INSTRUCTIONS FOR THE TASK:
Pictures should be left out when the listing below is repeated word for word.
[DATA EXCERPT]
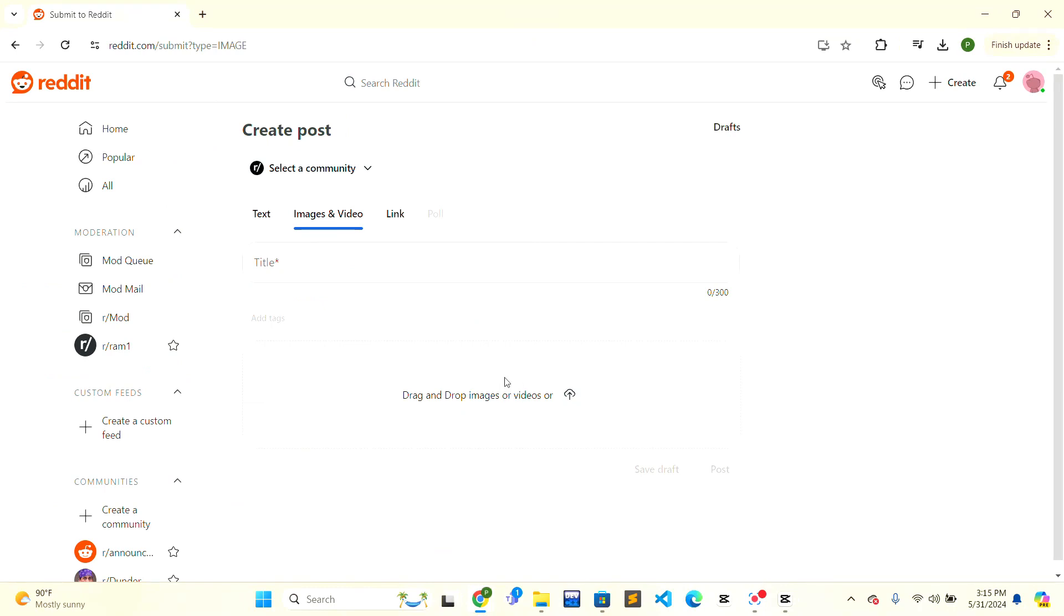When you have copied or dragged and dropped the images and videos of your choice, click on the post button on the right hand side. When you click on the post button, the videos will be posted. This is how you can easily post Reddit videos. If this video is helpful, give a thumbs up. Thank you.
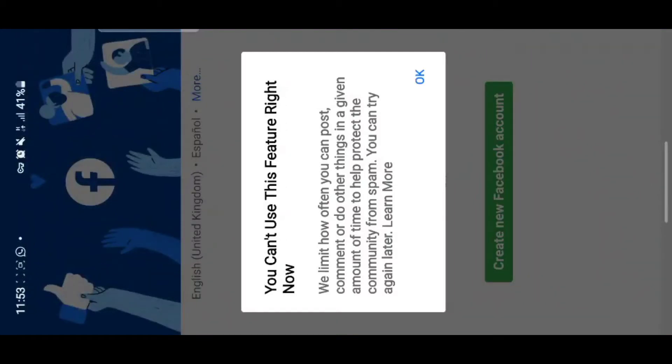Hello guys, welcome back to my channel. Today I'm going to be showing you how to log in to your Facebook account.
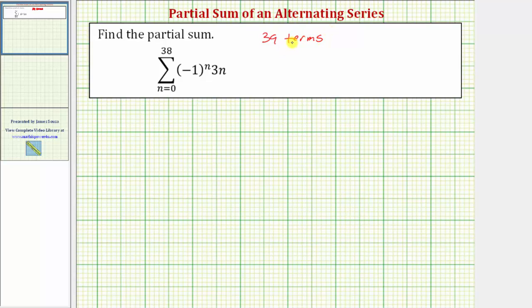Because there are so many terms, we don't want to find all the terms and then find the sum. Let's begin expanding the series, and hopefully we can recognize a pattern to find this partial sum.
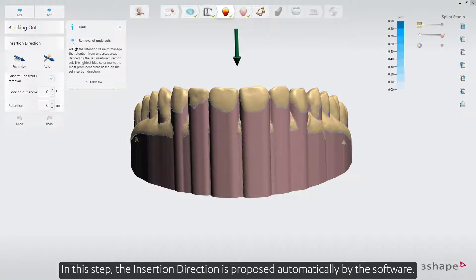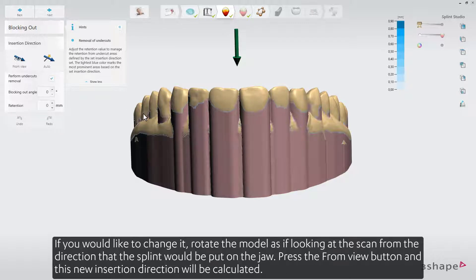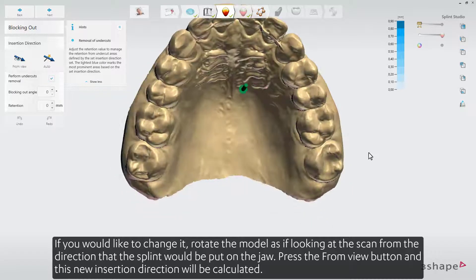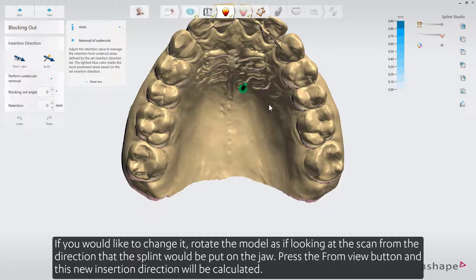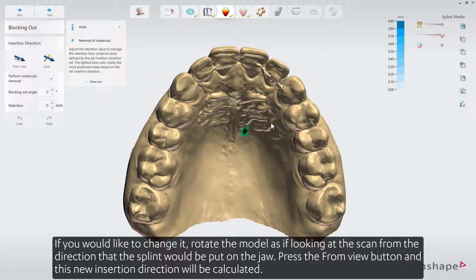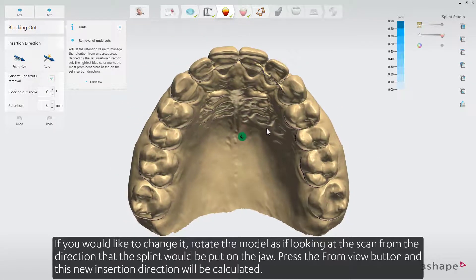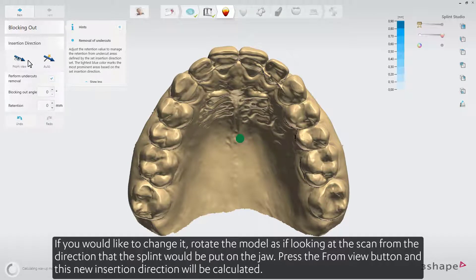In this step, the insertion direction is proposed automatically by the software. If you would like to change it, rotate the model as if looking at the scan from the direction that the splint would be put on the jaw. Press the From View button, and this new insertion direction will be calculated.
[/DATA EXCERPT]
OUTPUT OF THE EXERCISE:
When you have copied or dragged and dropped the images and videos of your choice, click on the post button on the right hand side. When you click on the post button, the videos will be posted. This is how you can easily post Reddit videos. If this video is helpful, give a thumbs up. Thank you.
Hello guys, welcome back to my channel. Today I'm going to be showing you how to log in to your Facebook account.
Because there are so many terms, we don't want to find all the terms and then find the sum. Let's begin expanding the series, and hopefully we can recognize a pattern to find this partial sum.
In this step, the insertion direction is proposed automatically by the software. If you would like to change it, rotate the model as if looking at the scan from the direction that the splint would be put on the jaw. Press the From View button, and this new insertion direction will be calculated.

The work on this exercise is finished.